▶ **ENTRIES PROVIDED**:
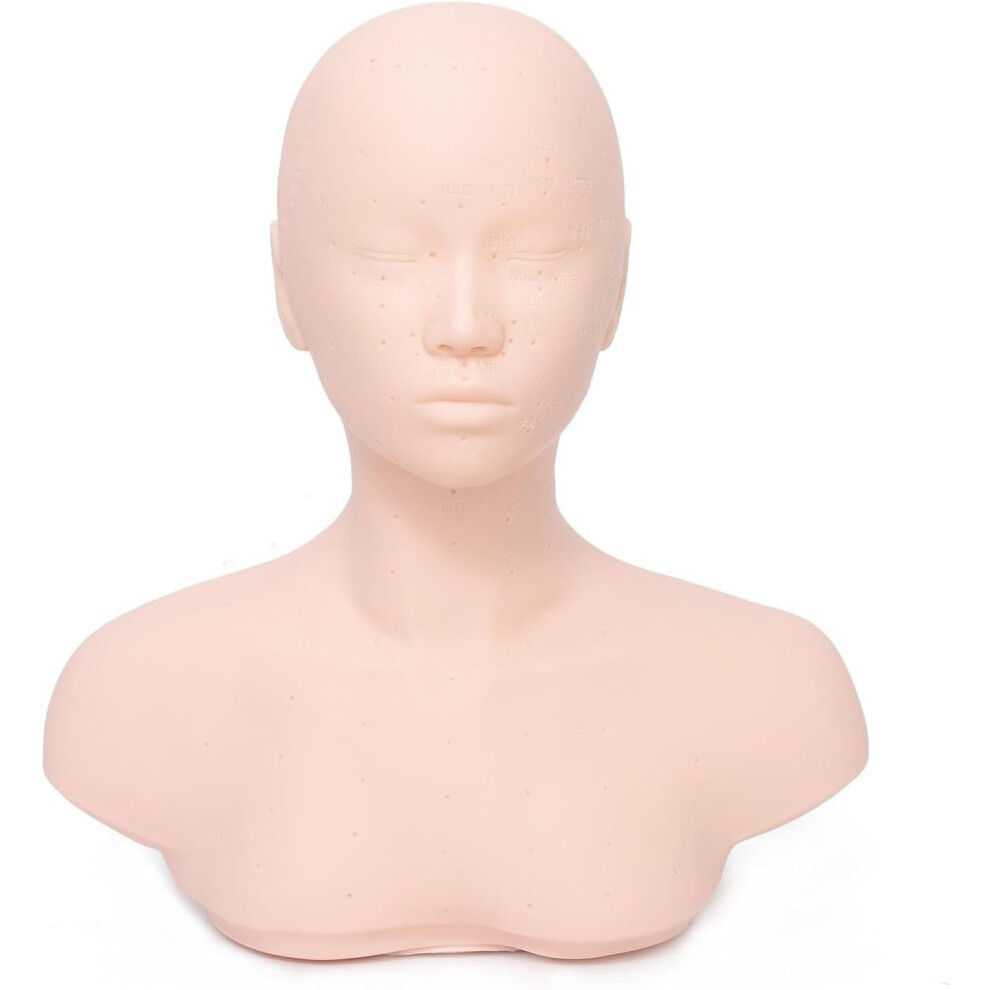 Mannequin Head With Shoulder For Cosmetology, Soft Doll Face Model With Acupuncture Points, Wig Hat Display For Salons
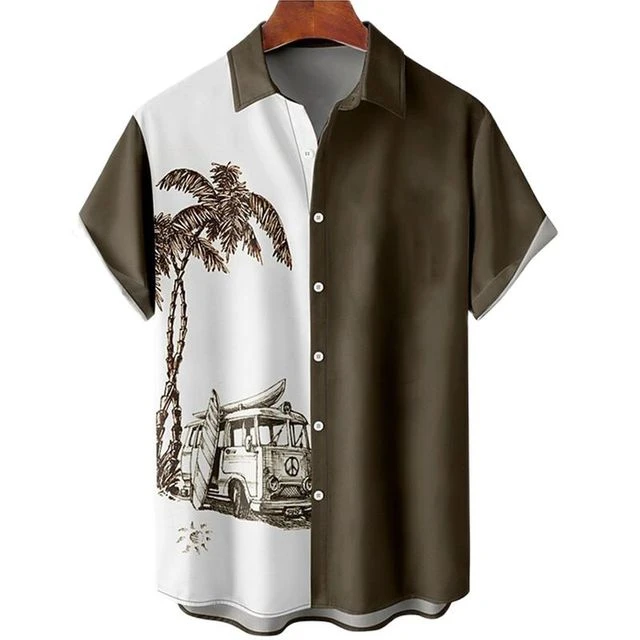 2023 summer new Hawaiian men's short-sleeved shirt, 3D coconut tree print shirt, holiday and beach, oversized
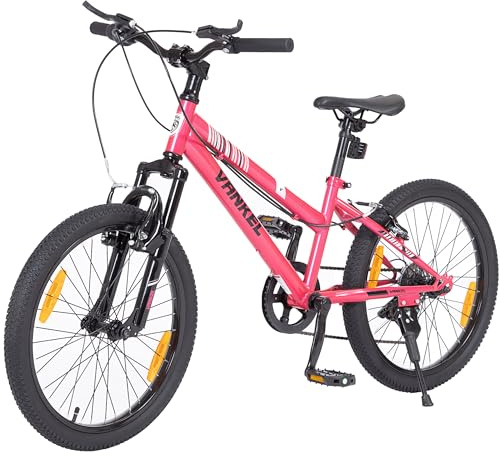 kowdom Bicicletta per bambini da 20 pollici, mountain bike rosa, mountain bike con cambio a 6 marce, freno a V, robusto telaio in acciaio, per ragazzi e ragazze 6-10 anni
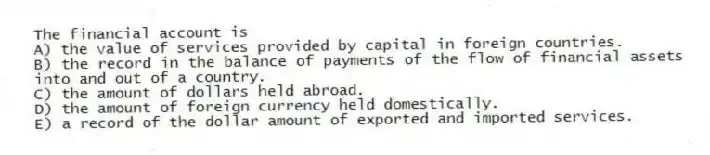 The financial account is
A) the value of services provided by capital in foreign countries.
B) the record in the balance of payments of the flow of financial assets into and out of a country.
C) the amount of dollars held abroad.
D) the amount of foreign currency held domestically.
E) a record of the dollar amount of exported and imported services.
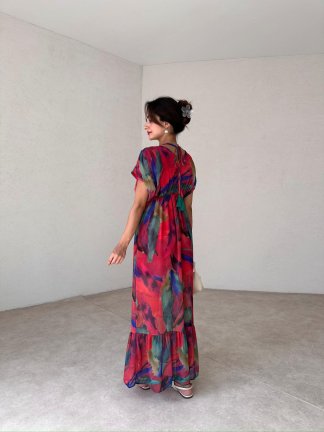 GLOSS Maxi Elbise 3787 - Nar Çiçeği - 3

▶ **TASK STATEMENT**: Write the entries out again exactly as they appear, with the pictures omitted.

▶ **SOLUTION FOR THIS PROBLEM**:
 Mannequin Head With Shoulder For Cosmetology, Soft Doll Face Model With Acupuncture Points, Wig Hat Display For Salons
 2023 summer new Hawaiian men's short-sleeved shirt, 3D coconut tree print shirt, holiday and beach, oversized
 kowdom Bicicletta per bambini da 20 pollici, mountain bike rosa, mountain bike con cambio a 6 marce, freno a V, robusto telaio in acciaio, per ragazzi e ragazze 6-10 anni
 The financial account is
A) the value of services provided by capital in foreign countries.
B) the record in the balance of payments of the flow of financial assets into and out of a country.
C) the amount of dollars held abroad.
D) the amount of foreign currency held domestically.
E) a record of the dollar amount of exported and imported services.
 GLOSS Maxi Elbise 3787 - Nar Çiçeği - 3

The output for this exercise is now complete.